Le conseil colle bien à celle qui, au cours de sa vie, a dirigé le Théâtre de Quat’sous, a travaillé tant avec Marcel Dubé que Gilles Latulipe, a fait partie de la distribution du film Les ordres (Michel Brault), a animé et livré des chroniques à la radio… entre autres.
«Et ça me convenait, cette multidisciplinarité : d’abord, c’est moins plate, et j’ai fini par me débrouiller toute ma vie!»
Une approche qui n’est pas étrangère à la quête de liberté, si chère à l’artiste.
«J’avais le goût de choisir ma vie, de faire ce que je voulais. Ça prenait des risques, mais c’est ça qui m’intéressait, rester une femme libre. Et maintenant, quand je fais un show solo, c’est ma liberté aussi. C’est un grand privilège, qui se travaille et se choisit.»
Le spectacle L’amour crisse est présenté à la salle Jean-Louis Millette du Théâtre de la Ville, les 9 et 10 novembre.
Louise Latraverse, en cinq citations
Sur les sacres
«C’est formidable, la chance qu’on a d’avoir de si beaux jurons! C’est charmant, ce sont de beaux ornements sacerdotaux. J’en sors quelques-uns [dans le spectacle] et les gens finissent se calmer le pompon là-dessus. C’est mieux que «Fuck you»…! C’tu assez épouvantablement laid! On est plus sophistiqués que ça!»
Sur la nostalgie
«Je ne suis pas quelqu’un de nostalgique. Je vis le moment présent. Aujourd’hui, j’essaie d’avoir la meilleure journée que je peux avoir et c’est tout. C’est une philosophie que j’ai depuis très longtemps et qui rend ma vie plus agréable.

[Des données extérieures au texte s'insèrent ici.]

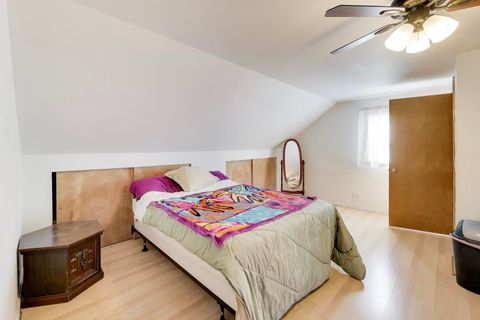 Tiny photo for 23576 N MELODY Lane, Lake Zurich, IL 60047 (MLS # 12572057)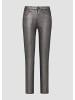 s.Oliver Jeans-Hose IZABELL in 98Z8_dunkelgrau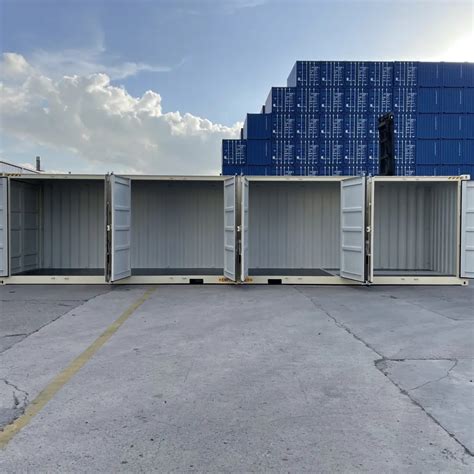 40ft containers for sale charleston  searching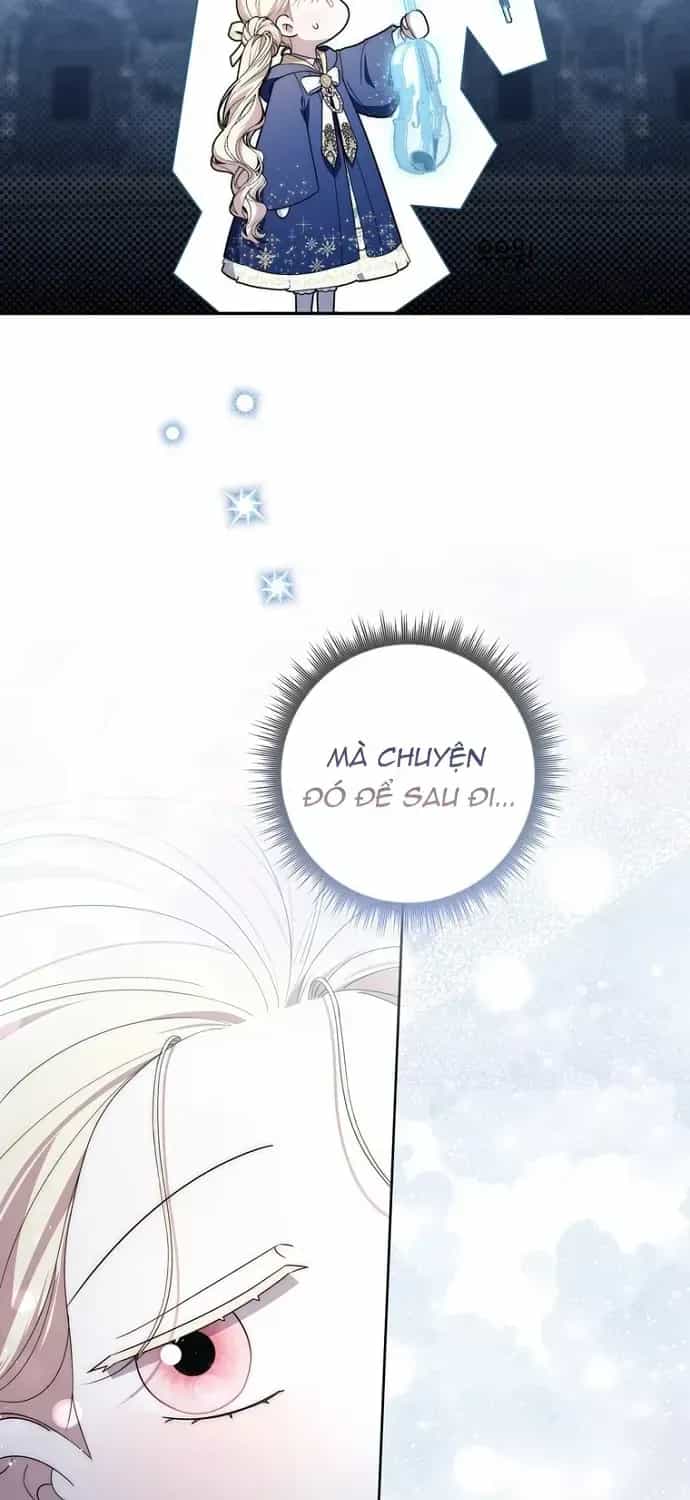Nam Chính Bệnh Hoạn Ám Ảnh Với Sức Khoẻ Của Tôi - Chương 79 - ảnh 51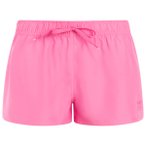 Protest - Women's PRTEvi Beachshort - Boardshorts Gr 38 rosa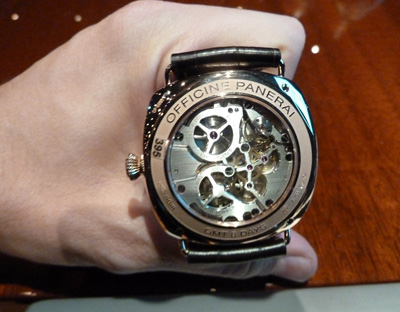 SIHH_331817_0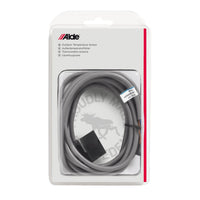 Alde Retail Outdoor Temperature Sensor 2.5M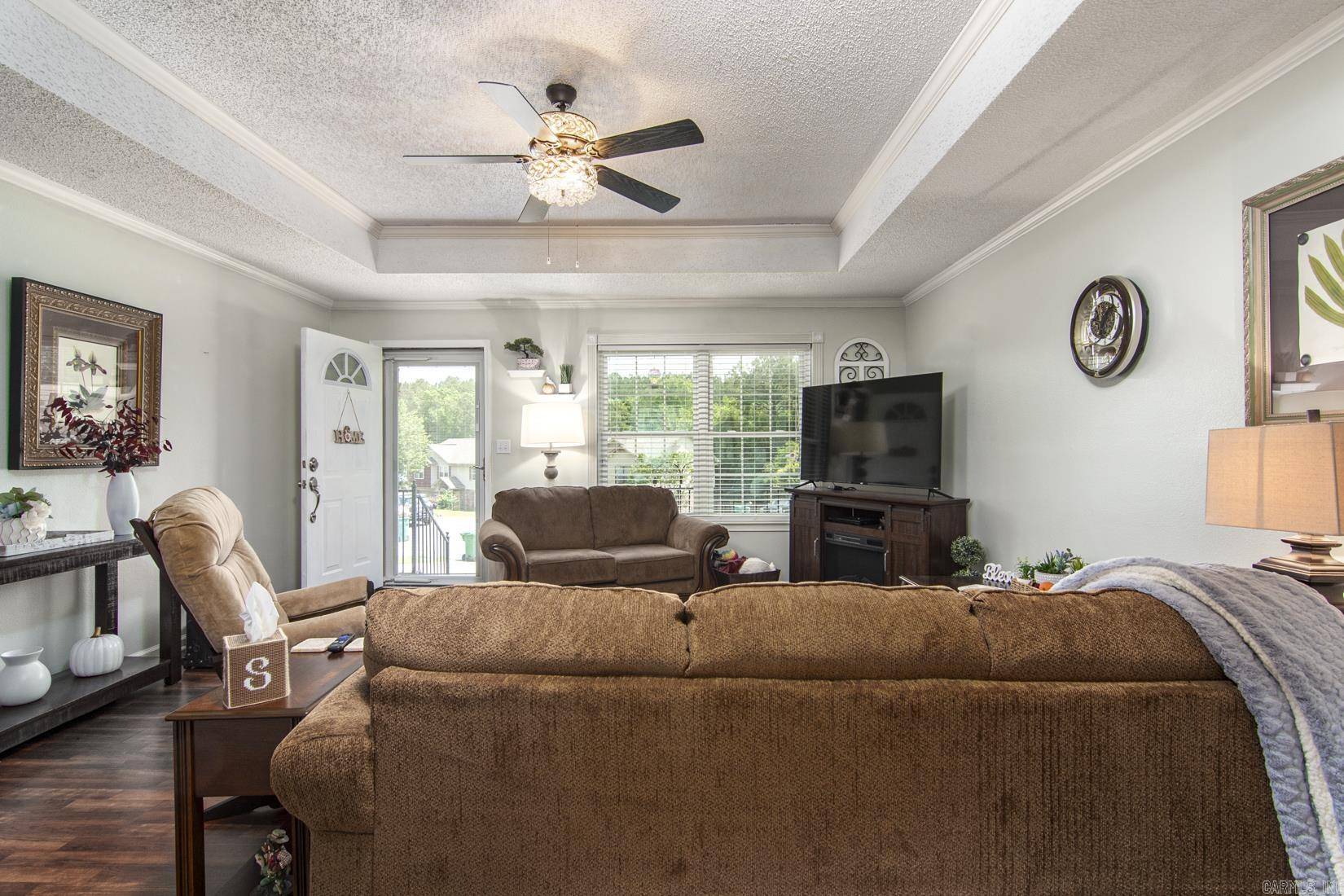 Redfield, AR 72132,706 Cara Jane Drive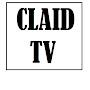 Claid TV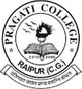 Pragati College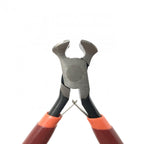 End Cutting Pliers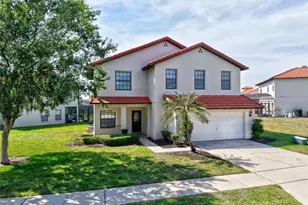 126 Summer Pl Loop, Clermont, FL 34714 - Photo 44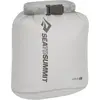 Bild von Sea To Summit, Wassersack, (3 l)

Même si je me faisais du «moron», comme disent les Français, on ne sait pas ce qui va arriver.»
Sur les critiques
«Je n’ai pas eu de mauvaises critiques pour le spectacle, mais quand il y en a, je mets ça de côté. C’est le point de vue d’une personne. Ils ont droit de ne pas m’aimer, comme moi j’ai le droit de ne pas les lire! C’est Yvette Brind’Amour qui disait ça : les mauvaises critiques, je ne les lis pas. Quelle bonne idée!»
Sur le plus beau des pays
«La nature, en ce moment, on est-tu assez gâtés! Le plus beau pays du monde, c’t’ici! J’aime profiter de tout ça. Quand tu fais la tournée et que tu te promènes… Je suis allée à Mont-Laurier, my god, c’était beau!»
Sur la mort
«J’ai pas peur de la mort : depuis que je suis au monde qu’on me dit que je vais mourir, que ça va arriver. J’aimerais réussir ma mort, que le dernier moment de ma vie soit un beau moment. J’espère être bien entourée, et qu’on puisse rire un peu de moi.»